Я возвратился к месту ночёвки и, когда все погрузились, штаб дивизии двинулся на новый командный пункт.

К железнодорожной станции Шахты мы подъехали в тот момент, когда там раздался сильный взрыв, за которым последовала серия малых. Остановившись у стоявшей на улице грузовой автомашины, комдив отправил на разведку старшего лейтенанта Ленкова.
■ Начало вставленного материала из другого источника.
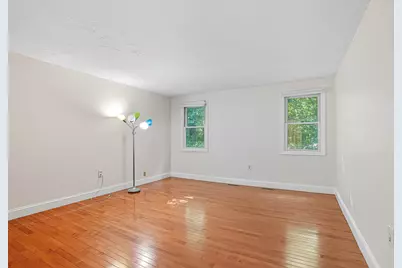 237 South St #45, Shrewsbury, MA 01545 - Photo 28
Тот быстро возвратился и доложил, что «рвут» наши.

Но, пока исполняющий обязанности начоперотделения Ленков ходил на станцию, полковник Дементьев заинтересовался чужой автомашиной, высмотрел, что ключ зажигания был на месте, с в кузове лежали только две бочки с автолом.

— Или пьянствуют, или побежали прятаться, услышав взрывы, — заключил комдив: — Сможешь угнать машину, Рогов, на одной мало?

— Попробую, — сказал я.

— Тогда садись и погоняй. Километров через десять подождёшь нас.

Включив зажигание, я нажал на стартёр и был таков. Кстати, успел заметить выбежавших из дома, напротив которого стояла автомашина, двух танкистов.

Дорога, по которой было намечено ехать в направлении Новочеркасска, шла рядом с железной дорогой. Я доехал до первого перекрёстка, это было, примерно, в 6–7 километрах южнее города Шахты, где и остановился. Здесь уже стояла автомашины с политотдельцами и работниками 4-ого отделения штаба дивизии, так называемый второй эшелон командного пункта. Старшим у них был начполитотдела дивизии старший батальонный комиссар Рудницкий, профессор Киевского госуниверситета.

Вскоре подошли остальные автомашины. Множественное число здесь употреблено потому, что объявилась радиостанция Денежкина и «эмка» с комиссаром дивизии старшим батальонным комиссаром Кутьиным. Накануне, ещё до боя в Горной, Кутьин уехал по своим комиссарским делам и только теперь вернулся.